Les Chroniques de l'Imaginaire

Sweeney Todd - Rymer, James Malcolm

Sweeney Todd est le barbier de Fleet Street. C’est un homme grand, au physique ingrat et au rire désagréable quand il éclate. A vrai dire, il n’y a que lui qui connaît les raisons de son hilarité. Il a pour apprenti le jeune Tobias, qu’il frappe régulièrement, l’accusant de paresse et d’une trop grande curiosité. Tobias ne peut quitter le service de Sweeney Todd, car celui-ci menace de dénoncer la mère de Tobias pour un vol qu’elle aurait commis dans une maison où elle était employée comme bonne à tout faire.

Un peu plus loin dans le quartier, Mrs Lovett vend de délicieuses tourtes à la viande, odorantes, onctueuses, débordantes de jus et faisant saliver tous les clients qui accourent pour lui acheter ses tourtes dont la renommée dépasse le quartier.

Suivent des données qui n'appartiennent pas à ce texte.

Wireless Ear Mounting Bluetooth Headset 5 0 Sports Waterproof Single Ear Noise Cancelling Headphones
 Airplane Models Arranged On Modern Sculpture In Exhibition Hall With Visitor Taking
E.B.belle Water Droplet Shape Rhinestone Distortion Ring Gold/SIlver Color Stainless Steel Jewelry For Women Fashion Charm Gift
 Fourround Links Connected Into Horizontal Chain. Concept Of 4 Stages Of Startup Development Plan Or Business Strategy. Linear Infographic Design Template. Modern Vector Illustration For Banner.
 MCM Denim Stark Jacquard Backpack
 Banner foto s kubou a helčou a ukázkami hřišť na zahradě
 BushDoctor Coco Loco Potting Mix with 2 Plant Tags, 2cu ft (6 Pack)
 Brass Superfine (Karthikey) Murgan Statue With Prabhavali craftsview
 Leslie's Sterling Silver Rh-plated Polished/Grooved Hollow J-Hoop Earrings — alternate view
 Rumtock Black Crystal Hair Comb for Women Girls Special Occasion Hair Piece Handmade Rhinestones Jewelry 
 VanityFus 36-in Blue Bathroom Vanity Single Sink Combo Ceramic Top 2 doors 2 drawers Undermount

Tobias y achète souvent ses repas, les tourtes étant très bon marché et l’échoppe située dans les limites des rues autorisées pour les déplacements du jeune apprenti.

Johanna Oakley, elle, attend le retour de Mark Ingestrie, le jeune homme qui a promis de l’épouser une fois qu’il serait de retour de son voyage aux Indes où il voulait faire fortune. Hélas, la date de leur rendez-vous arrive, mais le jeune homme ne se présente pas, plongeant la jeune fille dans le désespoir.

Elle ne sait pas que le Lieutenant Thornhill, un ami de Mark, était chargé de lui transmettre un funeste message de la part de celui-ci, mais qu’il a mystérieusement disparu après avoir voulu se faire raser dans l’échoppe de Sweeney Todd.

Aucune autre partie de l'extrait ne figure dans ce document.